Increasingly people utilize sites such as Wikipedia.  If experts don’t take this medium seriously, countless hours will have to be spent to confront a misinformed public.

Most people in America today use sites such as Wikipedia as their first and only source.  And why not?  It’s quick, efficient, accessible, free, and typically accurate.  Of course, there are some people, I was one of them, who believe that Wikipedia is not a good source because of the possibility of any person to create content or edit published material on the site.  Although these concerns are legitimate, I believe that the benefits of wiki software greatly out weigh the detriments.

The controversy surrounding Wikipedia is its openness.  As Cohen discusses, Wikipedia creates the “Wild Wild West” of publishing.  This medium also offers an innovative way to collect, organize, and distribute knowledge.  Cohen is right that Wiki is the wild west of information, but similar to the American West, there is opportunity.  The opportunity in this case is to spread responsible information to educate the public.

Larry Sanger is known to bash Wikipedia for its dabblerism.  He says that dabblerism leads to amateurish results.  He is probably right.  There certainly is a need for experts to engage sites such as Wikipedia or Sangers newer creation Citizendium to ensure that the good information is available on a consistent basis.  It is important to pay attention to Wikipedia because our students—and most other people—do.

Why is this important to experts?  The answer is simple.  A misinformed public can lead to disastrous events.  How many people still actually believe that Iraq was responsible for 9/11?  I know from working with students in grades 7-12 that many young people do.
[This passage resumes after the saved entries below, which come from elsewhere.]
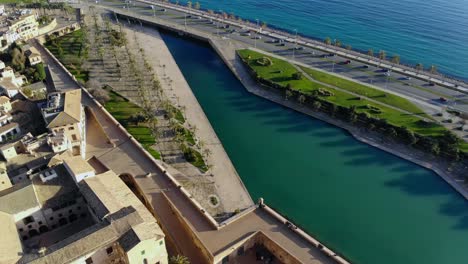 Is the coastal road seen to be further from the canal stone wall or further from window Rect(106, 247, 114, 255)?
window Rect(106, 247, 114, 255)

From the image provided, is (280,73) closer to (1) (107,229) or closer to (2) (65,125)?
(2) (65,125)

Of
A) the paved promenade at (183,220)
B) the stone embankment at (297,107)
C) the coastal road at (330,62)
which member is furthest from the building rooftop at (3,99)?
the coastal road at (330,62)

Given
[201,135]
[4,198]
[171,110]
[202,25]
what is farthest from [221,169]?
[202,25]

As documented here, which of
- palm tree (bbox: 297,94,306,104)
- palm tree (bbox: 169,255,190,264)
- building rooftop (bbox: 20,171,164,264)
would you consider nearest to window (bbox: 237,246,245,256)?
palm tree (bbox: 169,255,190,264)

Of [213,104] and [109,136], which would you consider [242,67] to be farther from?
[109,136]

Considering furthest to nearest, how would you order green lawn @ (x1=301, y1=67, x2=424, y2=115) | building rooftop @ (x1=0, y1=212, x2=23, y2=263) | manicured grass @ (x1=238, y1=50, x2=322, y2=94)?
manicured grass @ (x1=238, y1=50, x2=322, y2=94) → green lawn @ (x1=301, y1=67, x2=424, y2=115) → building rooftop @ (x1=0, y1=212, x2=23, y2=263)

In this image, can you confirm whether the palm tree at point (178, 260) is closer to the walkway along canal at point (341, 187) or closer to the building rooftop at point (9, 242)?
the building rooftop at point (9, 242) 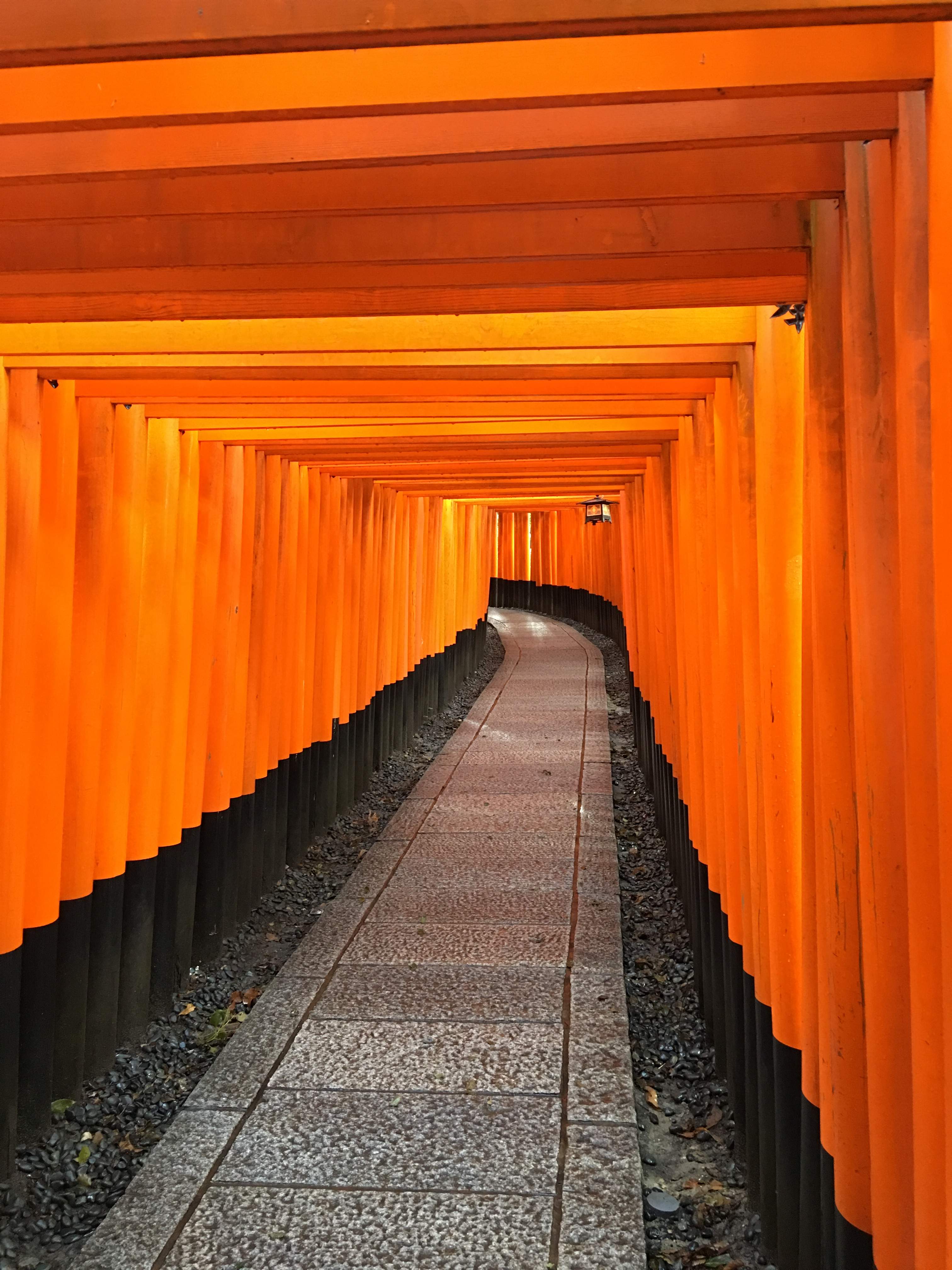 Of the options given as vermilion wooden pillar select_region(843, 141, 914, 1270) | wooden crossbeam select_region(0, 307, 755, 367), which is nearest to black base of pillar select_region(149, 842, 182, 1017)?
wooden crossbeam select_region(0, 307, 755, 367)

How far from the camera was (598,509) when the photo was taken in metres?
15.1

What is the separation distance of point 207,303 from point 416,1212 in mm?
2976

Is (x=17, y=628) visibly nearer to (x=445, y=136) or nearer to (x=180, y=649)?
(x=180, y=649)

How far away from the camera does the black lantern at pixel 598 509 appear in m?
14.2

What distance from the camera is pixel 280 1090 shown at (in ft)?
14.6

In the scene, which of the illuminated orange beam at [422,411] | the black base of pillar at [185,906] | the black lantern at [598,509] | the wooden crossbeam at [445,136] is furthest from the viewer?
the black lantern at [598,509]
And, I would bet that many of their parents think the same thing.  Is this their fault?  Yes and no.  Is it Wikipedia’s fault?  Probably not.  Whose responsibility is it to correct this problem and others stemming from misinformation?  Experts and educators.

There is, however, a bright side.  The issues that people have with open source sites like Wikipedia are addressable.  Experts and educators are able to contribute to informational sites like Wikipedia, Thomas Jefferson Wiki, and the AHA’s  Archive Wiki. Of course, this does not mean that the everyday person cannot and should not contribute.  They definitely should.  People add perspective.  The beauty of Wiki software is that all people are able to participate in the evolving nature of social consciousness.

Another way for historians to combat the prevalence of misinformation is to teach our students how to determine the credibility of a source.  This includes checking multiple primary and secondary sources for relevant information.  Too often people go to one place to get all of their information and are not able to determine between good and bad information.

Unfortunately, without a little guidance the public may become misconstrued by the megaphone effect of bad information.  An example of bad information is the presentist perspective that is prevalent on Wikipedia.  People without proper training in interpreting the past tend to hold past events up to present standards and judge them accordingly.

Fortunately, the technology is new and is always open for improvement.  Sites such as Citizendium, Thomas Jefferson Wiki, and Wikimapia attempt to use the wiki format to provide better information to the public.  Historians need to actively engage these sites ensuring that the common information is the correct information.  Or, do they fear the Wiki?